Minggu, 27 November 2011

belajar humanistik dari seorang aa' burjo

tahu kenapa burjo (warung yang menyediakan nasi, mie, dan bubur. biasanya di jaga oleh orang sunda. red) selalu bertahan di lingkungan kampus (bandingkan dengan rumah makan lain yang paling banter hanya bertahan 1-2 tahun)? karena selain harga hidangan yang nyaman di kantong, ternyata para pekerjanya menerapkan sistem kerja berbasis humanistik. saya pikir ada baiknya kita menilik bagaimana mereka bekerja, terlebih lagi jika mau bergerak di bidang konseling, psikologi, atau HRD.

pertama kali masuk ke burjo, entah kita pelanggan lama atau orang yang baru pertama kali datang senyum hangat dan sapaan kecil selalu terlontar untuk menyambut. ketahuilah, individu merasa dimanusiakan bukan ketika mendapatkan segala sesuatu yang serba wah, tapi ketika apa yang disajikan dihadapannya dimulai dari senyum dan ketulusan. mana yang lebih anda pilih, pergi ke dokter yang memfonis anda tanpa basa-basi atau ke dukun yang mau mendengarkan keluhan anda dulu? mungkin inilah yang menyebabkan kenapa orang indonesia lebih senang berobat ke pengobatan alternatif (lebih humanis dan ekonomis).

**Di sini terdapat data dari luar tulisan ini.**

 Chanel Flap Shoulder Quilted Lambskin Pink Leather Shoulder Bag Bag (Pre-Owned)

kedua, menanggapi pesanan sekalipun hanya sebatang rokok atau satu potong gorengan dengan serius. ya, ini juga yang menjadi ciri burjo. kita tidak pernah diusir hanya karena numpang duduk dan hanya memesan hal-hal sepele. satu kali saya pernah datang ke burjo, pelanggan datang memesan es teh dan duduk lama berbincang dengan temannya, jika saya yang punya warung mungkin sudah saya usir orang itu (bikin rejeki ga mau dateng), tapi justru disini bedanya. kita tetap dilayani dan disambut. ya mungkin ini yang juga harus kita perhatikan jika nanti mau ngurusin masalah orang, bahwa kadang apa yang mereka alami bukan masalah yang pelik. bahwa mungkin hanya masalah sepele, tapi ketika kita mau menerima dan menanggapi dengan serius saya yakin mereka akan merasa dihargai dan diterima.

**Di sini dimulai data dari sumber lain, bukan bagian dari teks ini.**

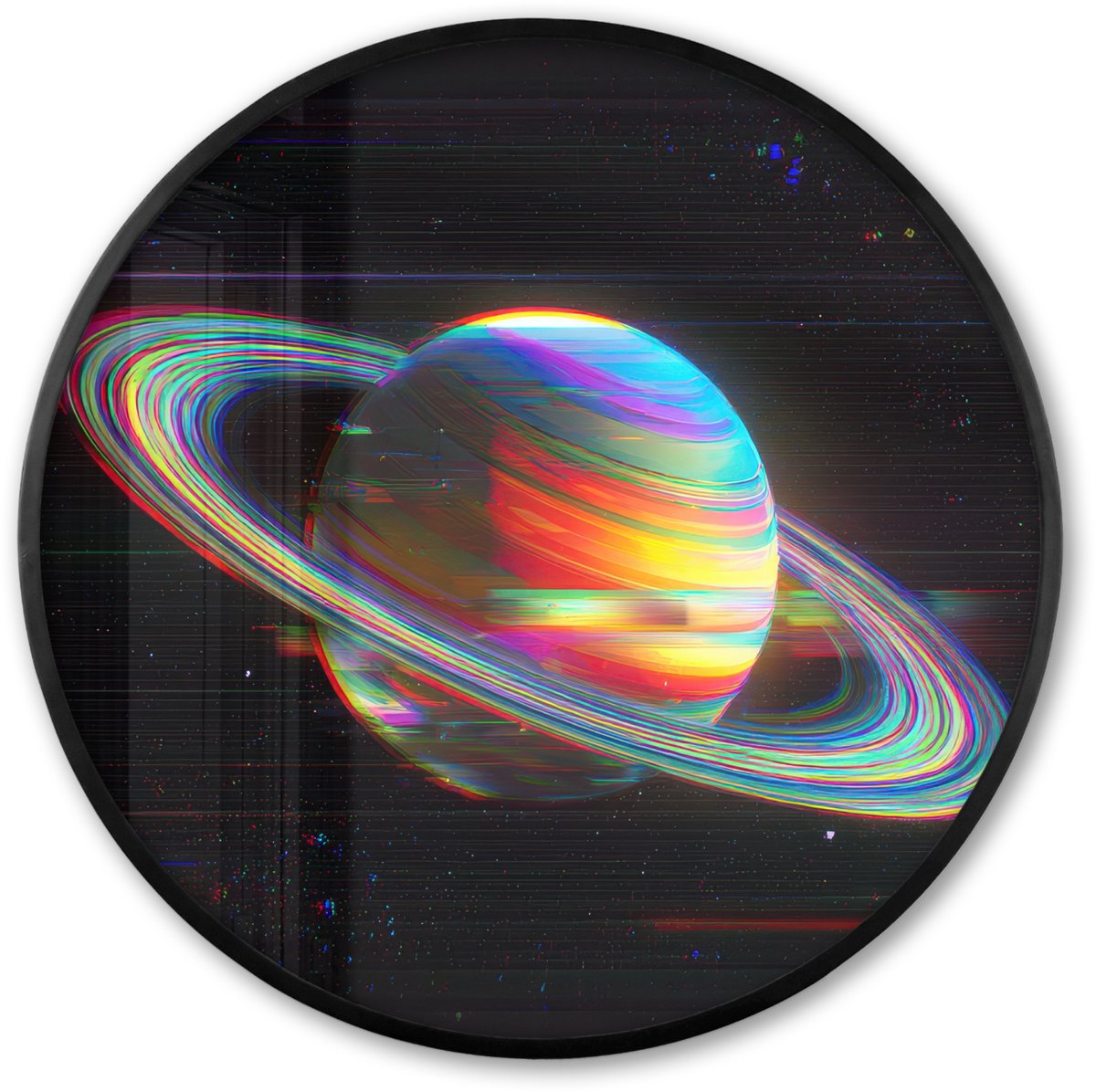 FrameYourWall Poster in lijst Rond - Fotolijst 60x60 cm - Posters - Planeet - Cirkel - Kleurrijk - Ronde posterlijst zwart - Decoratie - Wanddecoratie woonkamer - Muurdecoratie slaapkamer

ketiga, interaksi. aa' burjo dimanapun yang saya pernah masuki warungnya selalu interakif. mau membaur dan bergabung dalam obrolan pelanggannya. kadang jika ada pelanggan yang datang sendirian dan tidak punya teman ngobrol, merekalah yang mencoba memulai obrolan. hal ini benar-benar menyentuh saya, jika nanti saya jadi therapis saya harus seperti salah satu dari mereka. maksudnya mau tulus membantu orang (sekalipun  mungkin maksud mereka bukan membantu orang sih).

dan yang terakhir burjo available for 24 hours. 7 hari seminggu, 24 jam sehari. hal inilah yang harusnya kita contoh. bahwa sebagai seorang yang humanis dan menyatakan diri humanis, segala kemungkinan bisa menyapa kita. apakah anda tega membiarkan orang yang datang tengah malam dengan keluhan berat? ya jika anda tolak mereka maka saya rasa anda tidak cukup menerapkan sisi humanis anda.

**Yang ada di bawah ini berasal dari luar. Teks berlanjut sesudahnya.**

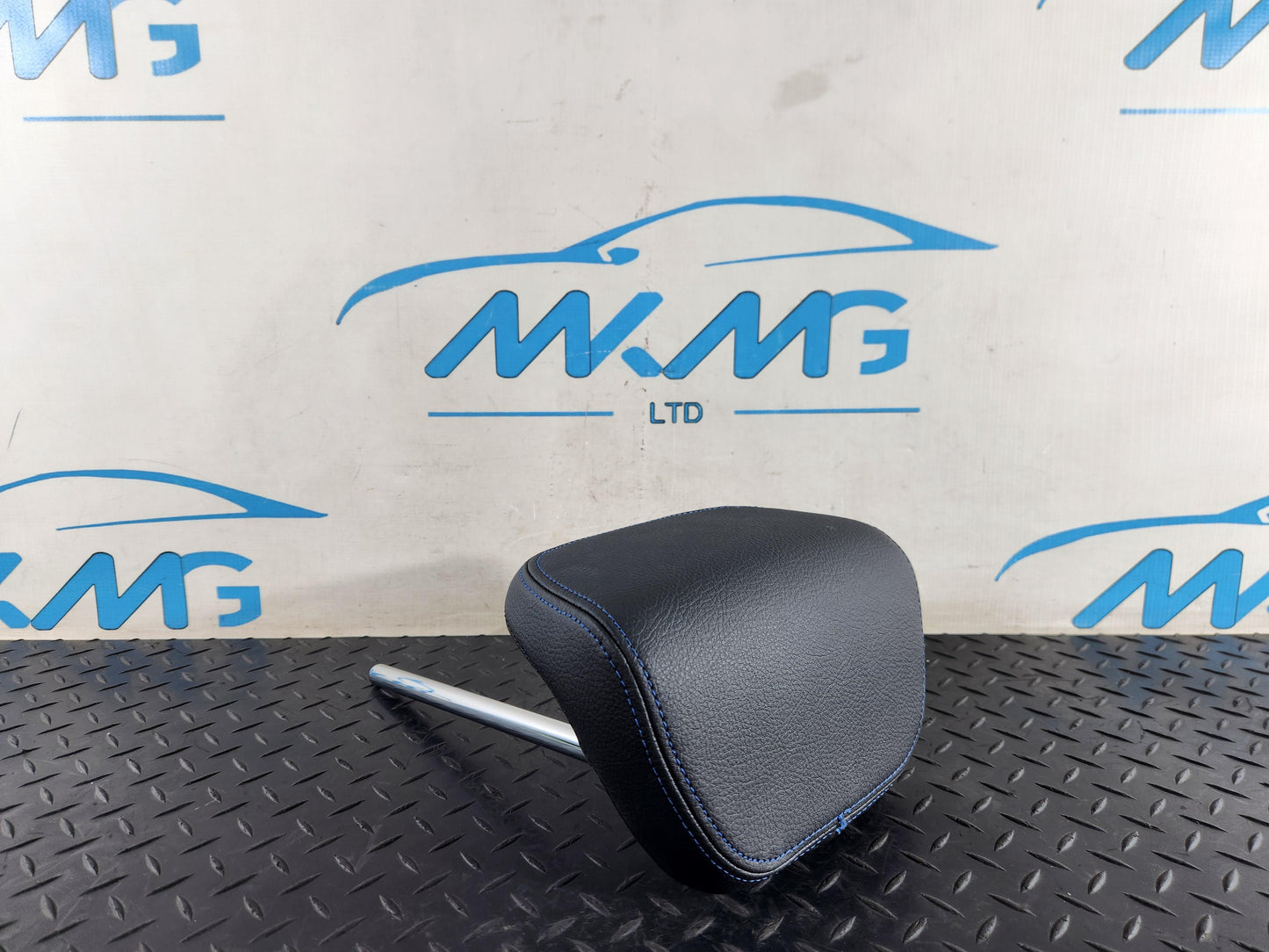 BMW 118i F40 Rear Seat Black Leather Headrest Blue Stiching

hal inilah yang membuat burjo menjadi tempat yang hommy. saran saya, jika satu hari nanti anda melakukan pekerjaan yang memungkinkan anda bertatap muka dengan banyak orang, maka contohlah aa' burjo. maka saya yakin banyak orang yang akan datang kembali dan kembali lagi pada anda. selamat menjadi humanis!!